**Stored data entries**
###

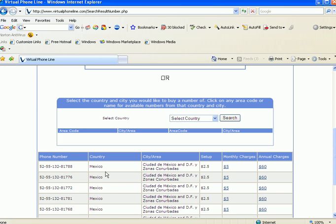We can see that we have a choice of five different Mexico City phone numbers, very good rate, $2.50 setup, $5 per month. Or we can choose to save money by paying just a simple setup fee and getting a discount by paying one year in advance.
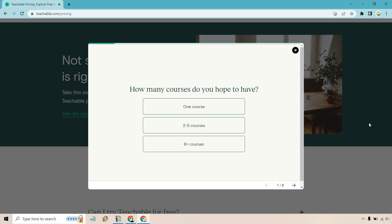Anyway, that should just about do it when it comes to the Teachable pricing plans and costs. If you have any questions, feel free to leave a comment down below. Don't forget to check out Teachable—I will leave that free trial link down below for you in the description. My name is James, thank you so much for watching, and I will see you in my next video.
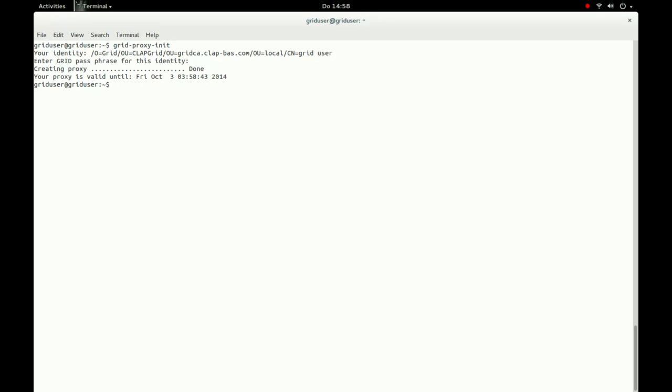With grid-proxy-info, we can now check whether our grid proxy was successfully established.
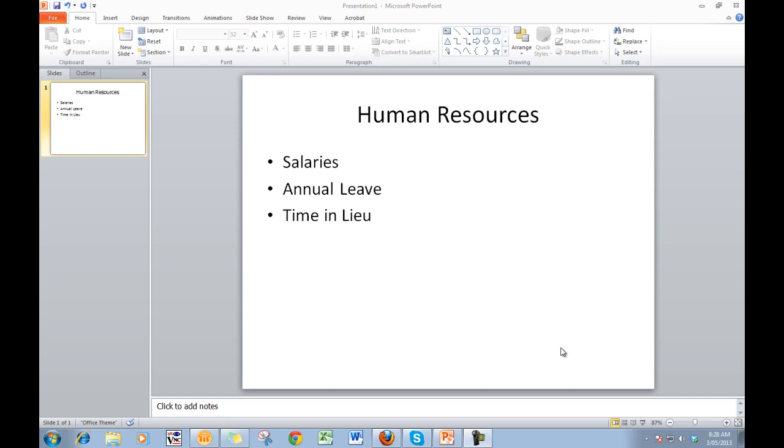Here I have a slide with three bullet points, and when I'm showing this slide to an audience, I want to talk about each bullet point in turn, but what I want is just to have showing on the screen the bullet point that I'm discussing.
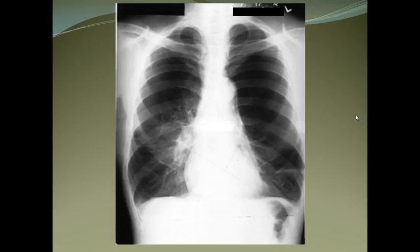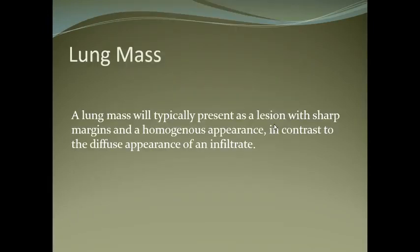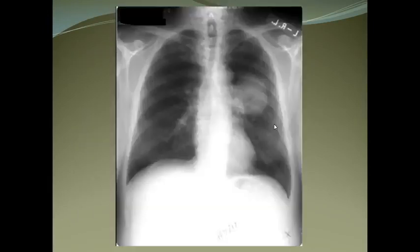Emphysema appears as over-inflated lungs with more air than normal in the alveoli. The diaphragms are usually flat and the lungs are over-inflated.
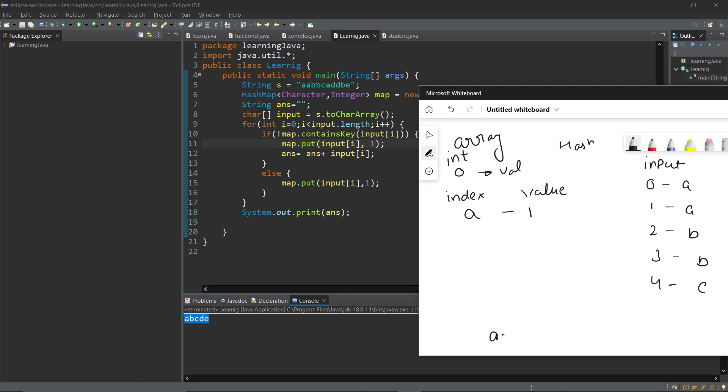I convert char input into array and I am putting this value into my map. A has value one. Since I also said if this loop works, add this value to my answer string, so answer now will contain a. When this loop runs again, i value becomes one.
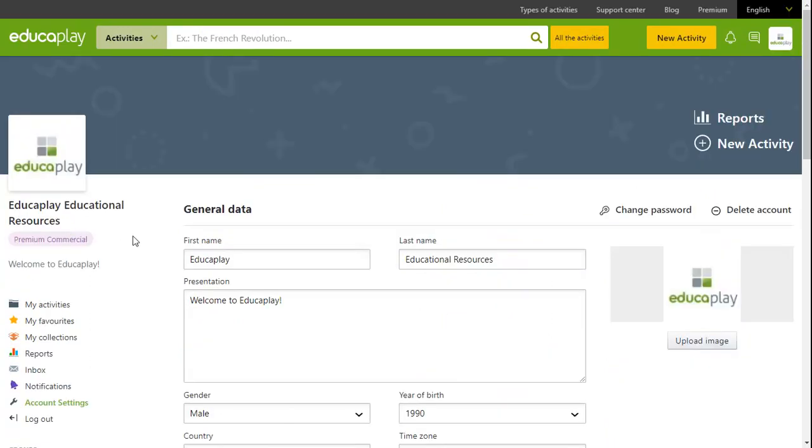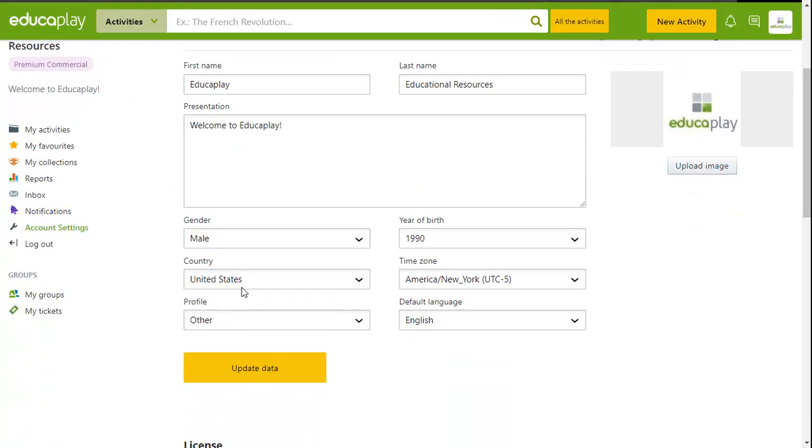Here you can specify your name, surname, and the profile summary that will be shown on your profile page. You can also select gender, your year of birth, your country of residence and time zone, your profile, and your default language in case we need to get in touch.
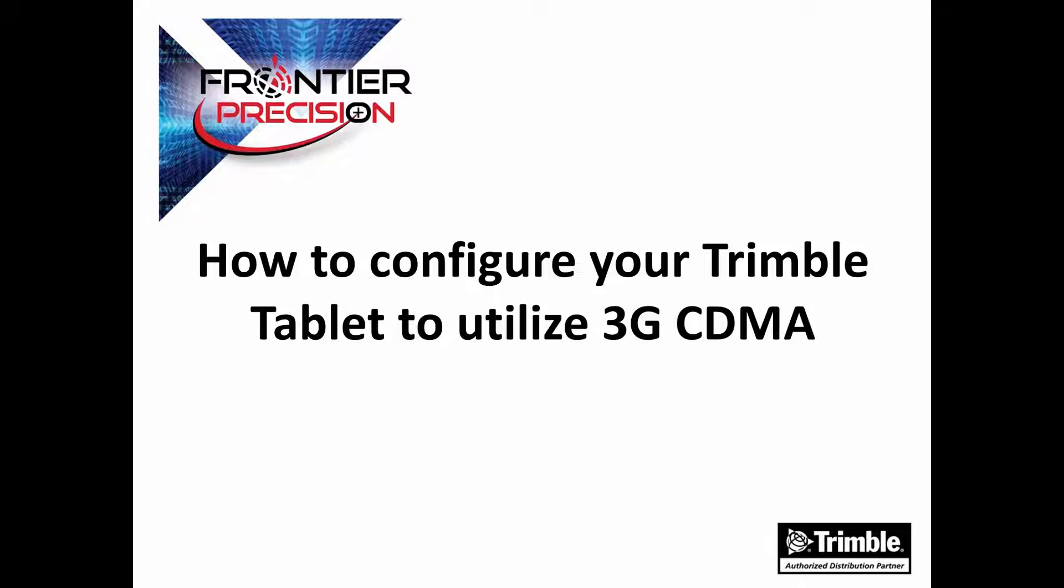Hi, this is Jay Haskamp and I'd like to welcome you to another Tech Talk by Frontier Precision. In today's session, we're going to look at how we can configure our Trimble tablet to utilize 3G CDMA technology.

###

**What the exercise asks**
An exact reproduction of all the records is required, with no pictures included.

**Worked solution**
We can see that we have a choice of five different Mexico City phone numbers, very good rate, $2.50 setup, $5 per month. Or we can choose to save money by paying just a simple setup fee and getting a discount by paying one year in advance.
Anyway, that should just about do it when it comes to the Teachable pricing plans and costs. If you have any questions, feel free to leave a comment down below. Don't forget to check out Teachable—I will leave that free trial link down below for you in the description. My name is James, thank you so much for watching, and I will see you in my next video.
With grid-proxy-info, we can now check whether our grid proxy was successfully established.
Here I have a slide with three bullet points, and when I'm showing this slide to an audience, I want to talk about each bullet point in turn, but what I want is just to have showing on the screen the bullet point that I'm discussing.
Emphysema appears as over-inflated lungs with more air than normal in the alveoli. The diaphragms are usually flat and the lungs are over-inflated.
I convert char input into array and I am putting this value into my map. A has value one. Since I also said if this loop works, add this value to my answer string, so answer now will contain a. When this loop runs again, i value becomes one.
Here you can specify your name, surname, and the profile summary that will be shown on your profile page. You can also select gender, your year of birth, your country of residence and time zone, your profile, and your default language in case we need to get in touch.
Hi, this is Jay Haskamp and I'd like to welcome you to another Tech Talk by Frontier Precision. In today's session, we're going to look at how we can configure our Trimble tablet to utilize 3G CDMA technology.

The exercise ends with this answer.